Même après avoir quitté l’organisation sectaire, les ex-membres continuent souvent d’être harcelés, du moins par certains groupements :

— Les ex-membres sont mis sous pression par des lettres ou des coups de téléphone pour les amener à nouveau au mouvement. Les représentants du groupe les guettent et écrivent des lettres pour les inviter à participer à une discussion avec le groupe. Celui qui veut reprendre ses affaires, doit également le faire en personne. De cette manière, le groupe re-prend contact avec l’intéressé.

— Les groupes font aussi souvent appel au sens de l’honneur : les membres qui quittent le groupe sont normalement tenus vis-à-vis d’eux-mêmes et du groupe d’expliquer les motifs de leur départ.

— Les ex-membres font l’objet de poursuites judiciaires parce qu’ils n’ont pas respecté les promesses (contractuelles).

— Bon nombre de témoins font état de toutes sortes de formes de harcèlement allant du comportement perturbateur (filature, appels téléphoniques, ...) aux menaces et infractions pénales dirigées contre les ex-membres ou leur famille (vol de courrier, vol d’objets, dégradations immobilières, exactions perpétrées sur les animaux domestiques, dégradations aux véhicules, ...).

— Des membres sont également menacés de plaintes pour calomnie et diffamation. Certains mouvements excellent dans l’art de réagir à toute déclaration négative à leur égard en déposant plainte devant le juge.

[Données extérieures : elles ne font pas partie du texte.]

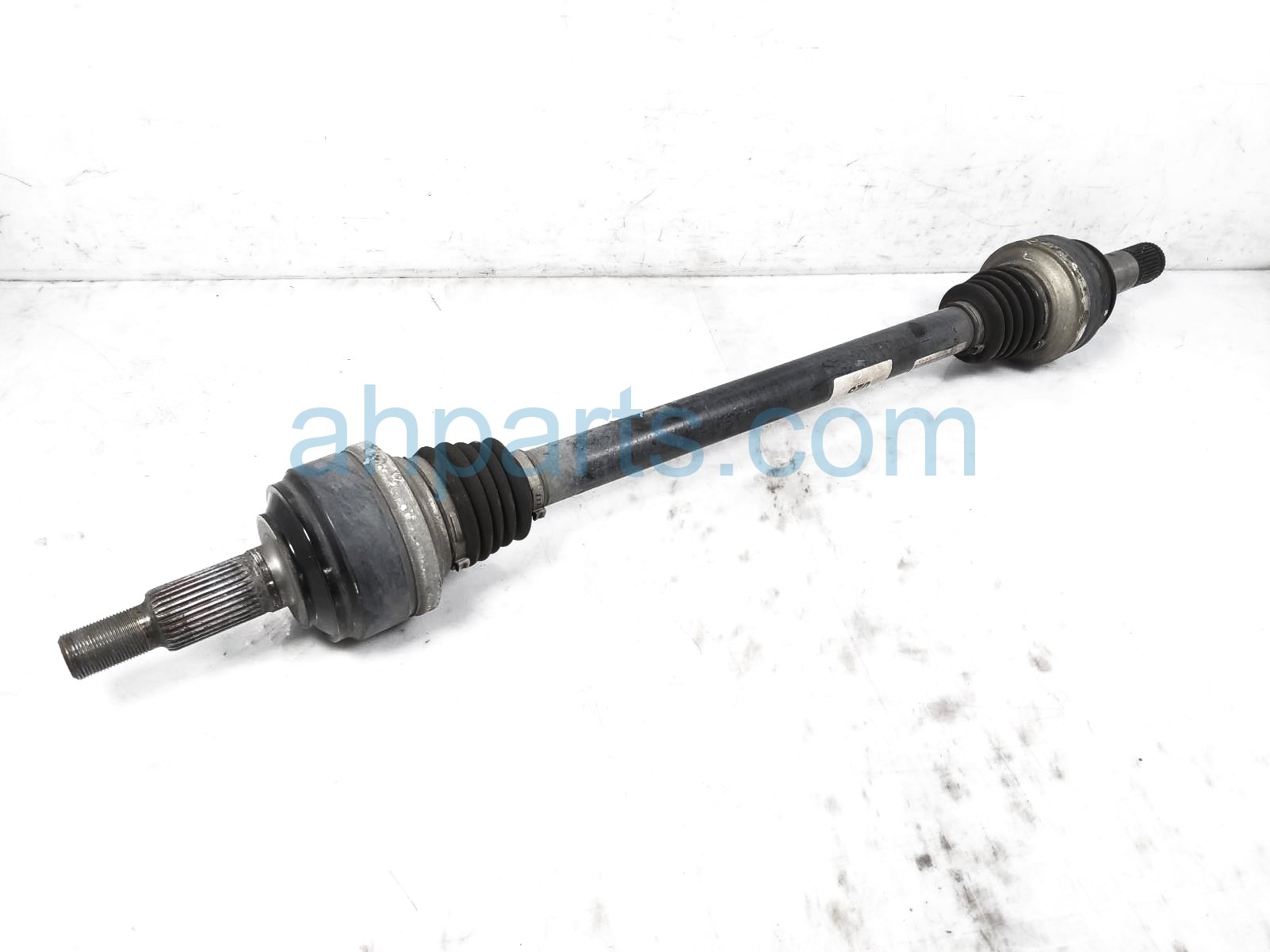 $125 Porsche RR/RH CV AXLE DRIVE SHAFT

— Des ex-membres sont parfois accusés de délits à caractère sexuel (surtout lors des procédures de divorce entre époux) et de coups et blessures.

Les (grands-)parents et membres de la famille sont aussi vivement pris à partie s’ils s’opposent à l’adhésion de leurs enfants ou des membres de leur famille à une organisation sectaire, et surtout si cela a des conséquences pour les (petits-)enfants, comme dans le cas de Sahaja Yoga et des Témoins de Jéhovah.